Con la alternancia política que se desarrolló en México a partir del año 2000, el Poder Ejecutivo hizo suyo el Proyecto de Derechos y Cultura Indígena y otorgó las garantías para que el EZLN hiciera multitudinarias marchas por trece Estados en apoyo del proyecto. El despliegue de los líderes indígenas fue de tal calidad y cercanía que la opinión pública se maravilló.
Aunque el éxito fue evidente, faltaban tres aspectos fundamentales para renovar el diálogo entre rebeldes y gobierno: la aprobación del Proyecto de Derechos y Cultura de los Pueblos Indios, la desocupación de siete bases militares instaladas en el territorio de los pueblos rebeldes, y la liberación de los presos políticos indígenas. Los dos últimos aspectos empezaron a cumplirse, pero el primero sería constantemente rechazado por el Legislativo. Respecto a esto último, el Congreso se dedicaría a aprobar reformas contrarias a las del Acuerdo de San Andrés, con lo cual quedaría deslegitimado como institución, no por culpa del EZLN, sino por las prácticas viciadas de la clase política, más preocupada de cubrir sus propios intereses.
El EZLN es simultáneamente un ejército y una organización política. Como ejército lucha por derrotar la guerra, por crear las condiciones que le permitan desaparecer diluyéndose en la construcción de una ciudadanía posible: “Por eso nos hicimos soldados, para que un día no sean necesarios los soldados”. EZLN, 1994, Documentos y comunicados. Como organización política lucha por desdibujar las fronteras que hacen de lo político un espacio restringido, por conseguir una democracia que reconozca la inevitabilidad de la diferencia y encuentre un modo digno de convivir con ella.
Sin embargo, y a pesar de lo anterior, el sistema político se mostró incapaz de acoger las demandas de los zapatistas: “¿Y si nos vuelven a cerrar las puertas? ¿Y si la palabra no logra saltar los muros de la soberbia y de la incomprensión? ¿Y si la paz no es digna y verdadera, quién -preguntamos- nos negará el sagrado derecho de vivir y morir como hombres y mujeres dignos y verdaderos? ¿Quién nos impedirá entonces vestirnos otra vez de guerra y muerte para caminar la historia?”. EZLN, 1994.
El zapatismo puede considerarse como un movimiento postmoderno, en la medida que es un movimiento histórico que ocurre y aprovecha las experiencias históricas de los proyectos anteriores socialdemócratas, nacionalista-revolucionarios y comunistas, para no cometer los errores que aquellos cometieron; que hace suya en lo que vale y en lo que le es útil la revolución tecnológica de nuestro tiempo, con todas las implicaciones que tiene en los conceptos, en la comunicación y el diálogo; que relee el proyecto universal desde el proyecto local y nacional y que, sin caer en las generalizaciones del saber único, tampoco se queda en los particularismos. El movimiento zapatista del siglo XXI combina el conjunto en un proyecto universal que incluye lo uno y lo diverso.

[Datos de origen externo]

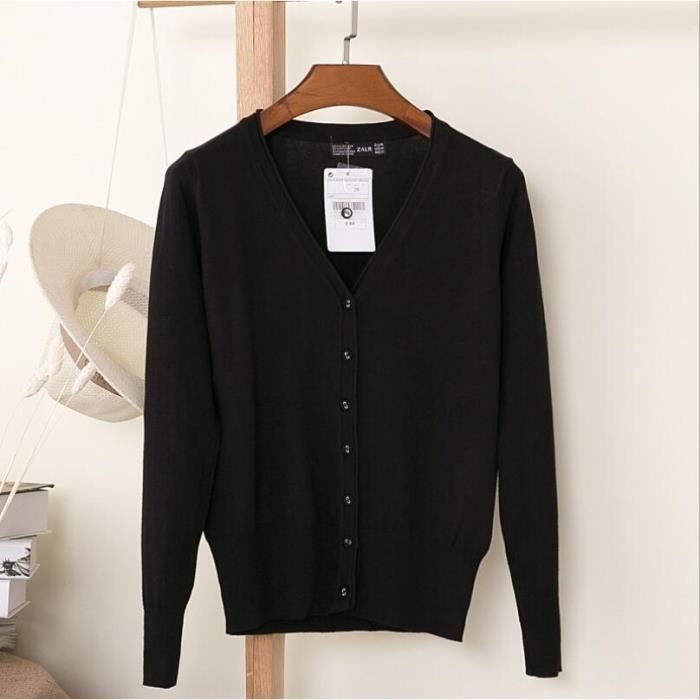 Gilet Femme Classic Button Cardigan A Col En V Manche Longue Tricot Chandail Casual Tops Basique Extensible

“Es la hora de la palabra.
Guarda entonces el machete. Sigue afilando la esperanza. Camina, camina y habla. Baja de la montaña y busca el color de la tierra que en este mundo anda. Sé pequeño frente al débil y junto con él hazte grande. Sé grande frente al poderoso y no consientas en silencio para el nosotros que a tu paso se ensancha. Haz lugar para todos los colores que con el color de la tierra andan. En el séptimo día entonces llega, llega y busca del color de la tierra la dignidad común levantada”. Subcomandante Marcos.
Los hombres y mujeres del maíz, sin voz y sin rostro, que tuvieron que empuñar las armas para hacerse oír y cubrirse el rostro para ser vistos reclaman su lugar en la patria: “Lo que pedimos y lo que necesitamos los pueblos indígenas no es un lugar grande ni un lugar chico, sino un lugar digno dentro de nuestra nación; un trato justo, un trato de iguales, ser parte fundamental de esta gran nación; ser ciudadanos con todos los derechos que merecemos como todos; que nos tomen en cuenta y nos traten con respeto…”. Comandante David.